= Laranja Freak =

Brazilian psychedelic band

Laranja Freak is a psychedelic band from Porto Alegre, Brazil. It appeared in 1997 and makes what it calls "Frantic Psychedelic Music", making a compound between the Jovem Guarda, psychedelia and rock.

The band members are: Ricardo Farfisa (vocals, keyboards and guitar), Evandro Martins (bass), Miro Rasolini (drums), Ivanez Bernardi (vocals and guitar), and Alexandre Abreu (lead guitar).

Laranja Freak has appeared inside and outside its home state, participating at festivals such as Bananada (GO), Senhor F Festival (SC and RS), 25 Anos de Baratos Afins (SP), Cabron Festival (SC), Super Noites Senhor F (DF), and Gig Porto Alegre Rock (RS), among others.

==Albums==
- Música Psicodélica Frenética (2001 - Independent)
- Entre as Moléculas (2002 - Migué Records)
- Brasas Lisérgicas (2004 - Baratos Afins), competed for the Dynamite/Claro award of best rock album of 2004.
- Laboratório do Alberto ou Albert Hoffmann (2009 - Senhor F)
- Alguns Janeiros Nas Costas (2016 - Baratos Afins)

Also, they participated of the compilations "Brazilian Peebles II" (2002 - Baratos Afins), released in Brazil and in Japan, "Ainda Somos Inúteis!
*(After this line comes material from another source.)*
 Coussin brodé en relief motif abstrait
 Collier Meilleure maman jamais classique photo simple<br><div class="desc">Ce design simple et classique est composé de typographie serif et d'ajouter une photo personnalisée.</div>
Um Tributo ao Ultraje a Rigor" (2005 - Monstro Discos), "Clássicos da Noite Senhor F" (2005 - Senhor F Discos), "Eu Não Sou Cachorro Mesmo" (2006 - Allegro Discos), "The Rough Guide To Psychedelic Brazil (2013 - World Music) and The Rough Guide to a World of Psychedelia (WMN, England, 2016). It still participated of the soundtrack of the short movies "A Sopa" (2003) and "Veludos e Cacos de Vidro" (2004), of Marco Martins, with the song Sempre Livre.